Apple – the forbidden fruit

Apple with heart bite taken out

Recovering from BETT and reflecting on what we learnt. Whilst the overwhelming majority of visitors to our stand loved our app concept, a few were disappointed that the rAPPidRevise apps are only currently being developed for Apple mobile devices.

We do have plans to port the apps to other devices next year, but starting with Apple seemed like the logical thing to do for a number of reasons:
1. A lot of teenagers have an iPod Touch, even if they don’t have an iPhone.
2. iPads are becoming an increasing popular device in homes in the UK.
3. Apple’s iOS is a stable, well-supported platform with a limited number of devices to test on.
4. A number of schools have bought class sets of iPod Touches or iPads to use in lessons.

And this last point got me, Jane Ballantine, thinking about why teachers love Apple so much. My personal experience of using technology in the classroom tells me that it’s partly to do with the usability of the devices and partly to do with reliability. As well as to do with content, of course!

The touch screens are sleek and appealing to touch. They allow users to access content with an immediacy and intimacy that doesn’t exist when using a mouse or a keyboard. These peripheral devices put up an extra barrier to the content which the touch screen removes. And in a school setting, you can bet that some joker has removed the ball from the mouse and at least one key on the keyboard is broken or has missing or jammed keys. The tablet devices, whether big or small, are simpler devices and harder for pupils to damage, which means they’re more likely to be working when the next teacher wants to use them.

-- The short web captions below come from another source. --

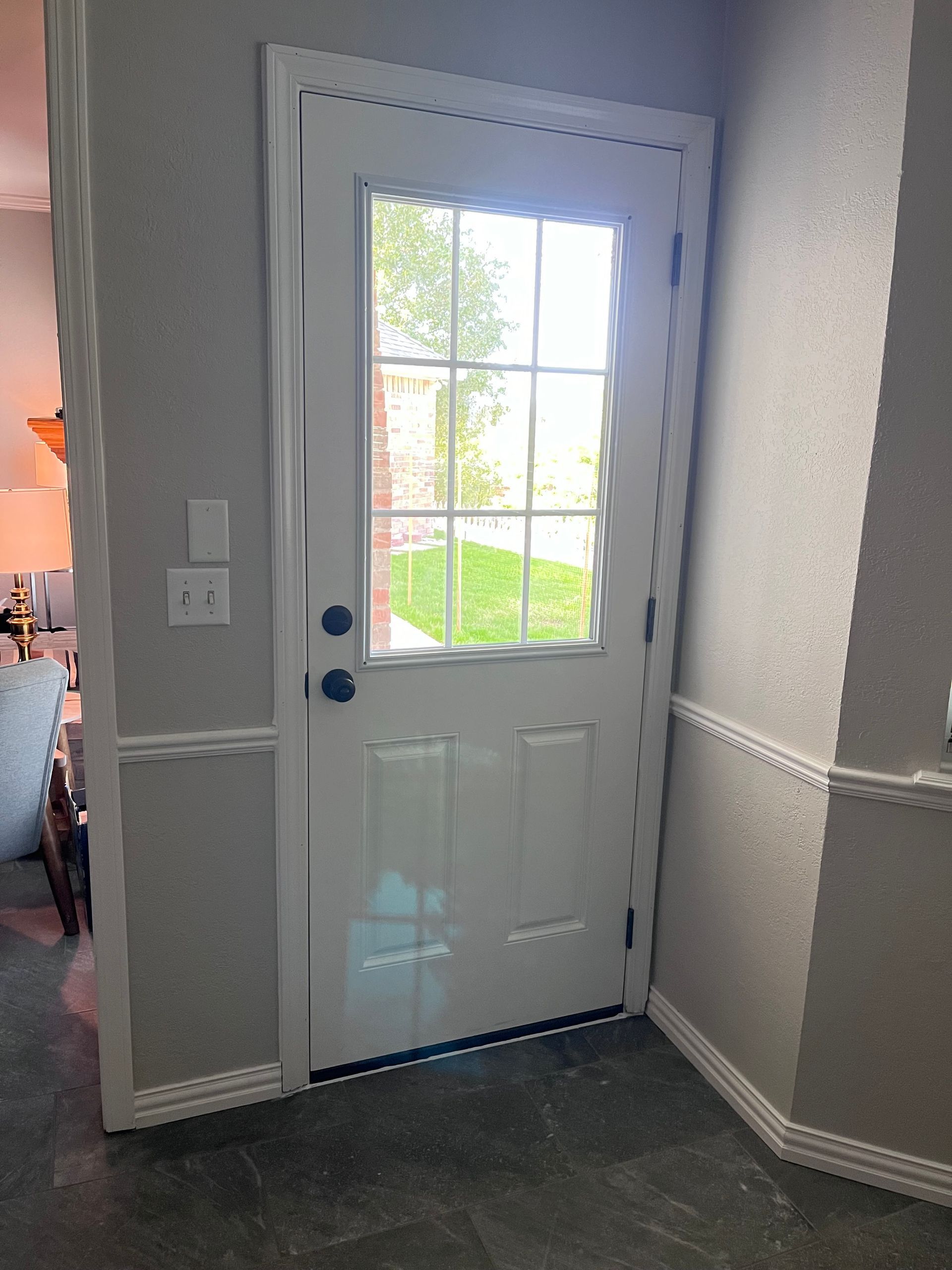 A white door with a window in a hallway.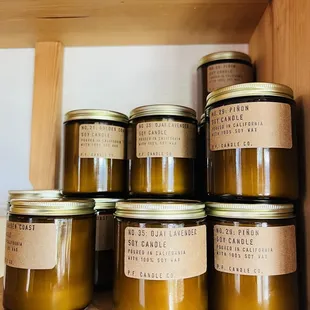 a shelf full of candles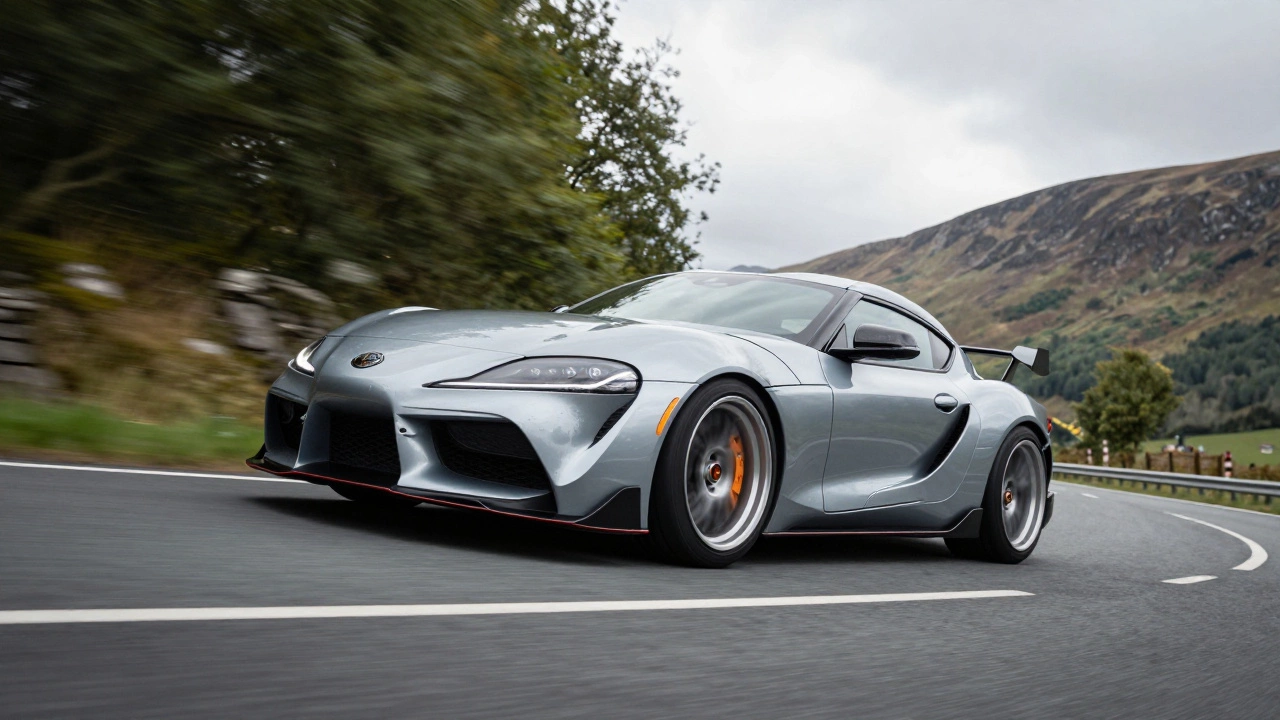 Lowered car with coilovers cornering on a winding UK mountain road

The nature of how apps run on these devices means that a teacher can direct a pupil to an app and the student can start working with the app straight away. There’s no going to a website, reading out and checking URLs seven times because pupils are mis-typing them, or firing up software that will inevitably crash or fail to load on someone’s machine. The general chaos that is often involved when trying to get technology to work for 30 pupils simultaneously is partially mitigated with apps that are designed for specific functions, and start at the touch of a screen.